Published: Saturday, November 29, 2008 at 12:01 a.m.
Last Modified: Saturday, November 29, 2008 at 9:15 p.m.

It's obvious that the new president-elect will have more urgent matters than travel on his agenda. But after dealing with the economic crisis, Afghanistan and Iraq, Iran, health care, energy, education and more, he may have time for one or two lesser matters affecting the travel industry. Here, without partisan comment either pro or con, are the ways in which Barack Obama may affect the world of travel:

Greater support for Amtrak. The president-elect has supported larger appropriations for operating and expanding Amtrak, while his adversary, Sen. John McCain, was well-known for opposing that federal support. In addition, the Senate's most active opponent of Amtrak - Sen. John Sununu of New Hampshire - was defeated for re-election, and there's no doubt that a far more favorable environment now exists for improving and expanding Amtrak.

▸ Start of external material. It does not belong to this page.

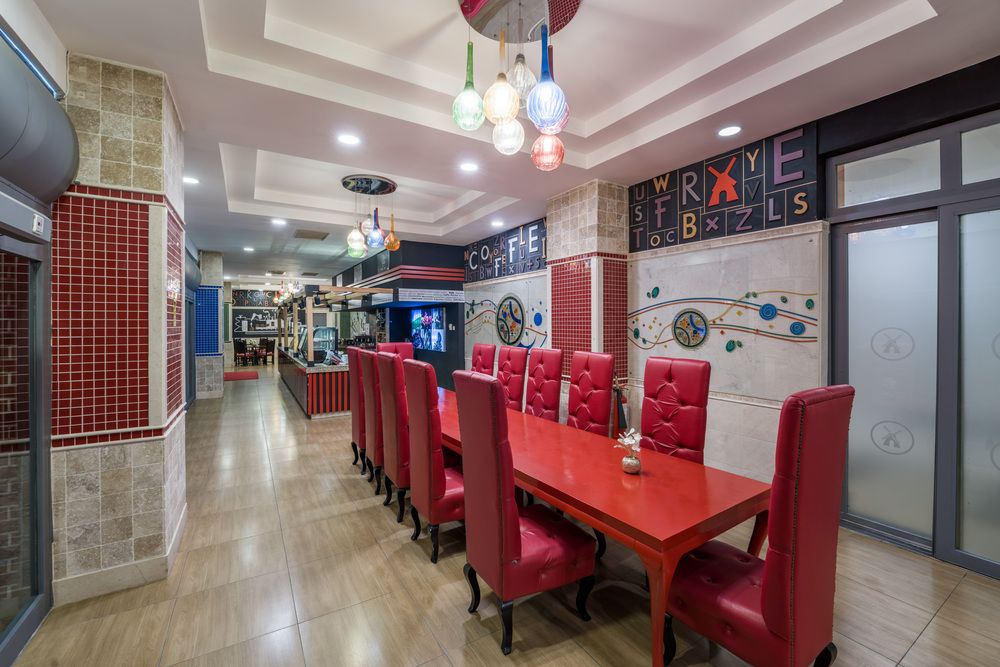 Orange County Kemer - 33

In the campaign, Obama also favored creation of a National Infrastructure Bank for funding such initiatives as reviving the many hundreds of miles of abandoned railroad tracks, which would restore rail service to such cities as Nashville, Tenn. and Las Vegas. Though a primary purpose of that bank was to create jobs, the dividends to our travel facilities are obvious.

Support for the Travel

Promotion Act. Numerous members of Congress have endorsed a major program to establish an advertising and marketing medium for encouraging foreign travel to the United States, and Barack Obama was one of the early signatories of that legislation. Sen. McCain opposed such use of federal power, and now there is no doubt that a nationally supported organization for promoting travel to the U.S. will be launched.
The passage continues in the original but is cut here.